Diana Nyad out of the water, fourth attempt to swim from Florida to Cuba over
Exercise counselor on Nyad: This is her Mt. Everest
After addressing the crowd, she lay on the sand and was given oxygen and intravenous fluids.
The operations director with Nyad's team, Mark Sollinger, told CBS News he made the decision to pull Nyad from the water early Tuesday at 12:55 a.m. He said although Nyad wanted to get back into the water, repeated jellyfish stings -- her lips and one eye was swollen -- as well as thunder storms made the trek too dangerous.
"I'm not a quitter, but the sport and this particular ocean are different than they used to be," Nyad said. "These jellyfish are prolific. And, you know what? To me, there's no joy in that."
In a blog posting, crew member Candace Hogan wrote that Nyad angrily shook her head after being pulled from the water and planned to return to finish the swim after the storms subsided.
"When can I get back in?" Hogan quoted the swimmer as saying. "I want full transparency that I was out. But I have plenty left in me and I want to go on."
Before talking to reporters, she took one more ceremonious plunge in the water, swimming a short distance to Key West's rocky shoreline.
Despite the strain the swim took on her body, Nyad said on Key West she felt absolutely fine and that her muscles weren't even sore.
"There is no doubt that I'm in better shape now at 62 than when i was in my 20s," she said to applause.
In 1978, American marathon swimmer Walter Poenisch swam from Havana to Marathon, Fla. in a shark cage made out of aluminum tubing and chicken wire that broke apart in the rough seas. The 65-year-old Poenisch was a former cookie baker from Grove City, Ohio, who used flippers and snorkels during the swim. Reports later surfaced that said he had faked previous marathon swims by travelling part of the distance in a boat.

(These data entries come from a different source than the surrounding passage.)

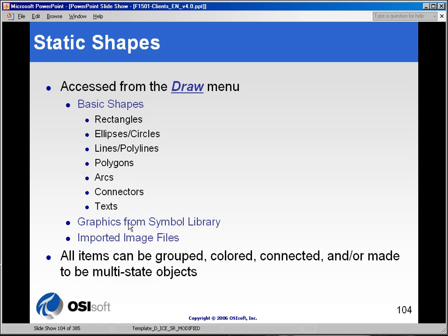And then we have something called the Symbol Library. The Symbol Library is a library of graphics that we have licensed from a company that produces these type of things. This Symbol Library contains pre-canned graphics that pertain to many of the industries that use our ProcessBook product. So if you have to draw something like a conveyor or a pipe or a certain type of machine, it may already be in our Symbol Library and you won't have to complete all the elements to it.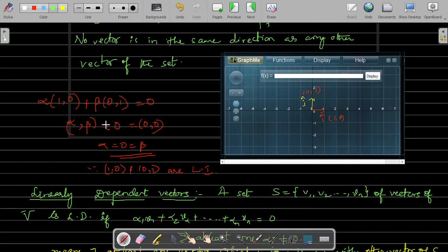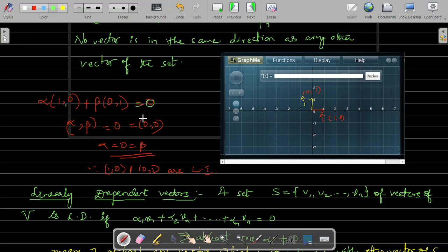The mathematical way of verifying: take α·(1,0) + β·(0,1) = 0. If you get all alphas and betas equal to 0, then it is linearly independent. So α and β both equal to 0, which implies α and β are both 0. Hence, they are linearly independent. This is how we prove it mathematically. But visually, if they are in different directions, then they are linearly independent.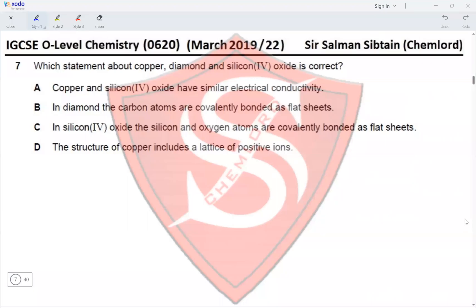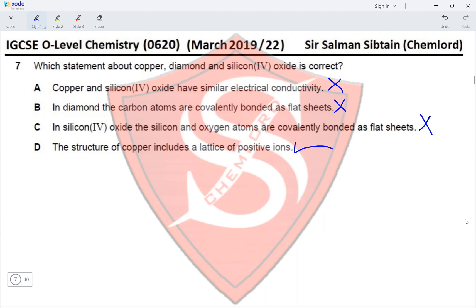Question 7: Which statement about copper, diamond, and silicon dioxide is correct? Copper and silicon dioxide do not have similar electrical conductivity. In diamond, carbon atoms are covalently bonded in a 3D structure — flat sheets describe graphite. In silicon dioxide, atoms are covalently bonded in a three-dimensional arrangement, not flat sheets. The structure of copper includes a lattice of positive ions in a sea of delocalized electrons. Option D is correct.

(CBS "This Morning's" report about Nyad calling off her swim on the fourth day)
Australian Susie Maroney successfully swam the Straits in 1997, but she used a shark cage. In June, another Australian, Penny Palfrey, made it 79 miles (127 kilometers) toward Florida without a cage before strong currents forced her to abandon the attempt.

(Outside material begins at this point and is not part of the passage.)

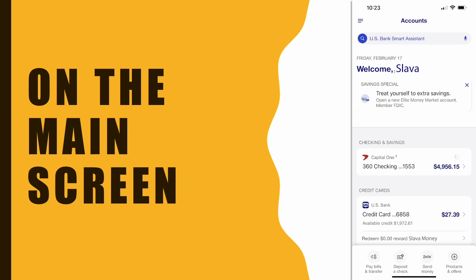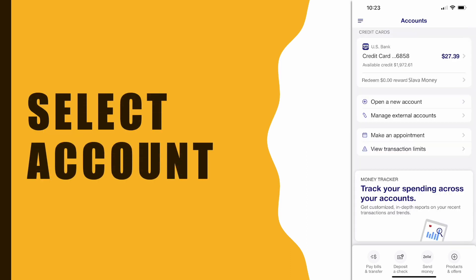On the main screen you can see a welcome message. Scroll down and find the account that you want to add to PayPal, then select that account.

Nyad had been training for three years for the feat. She was accompanied by a support team in boats, and a kayak-borne apparatus shadowing her to keep sharks at bay by generating a faint electric field. A team of handlers was on alert to dive in and distract any sharks that made it through.
She took periodic short breaks to rest, hydrate and eat high-energy foods such as peanut butter.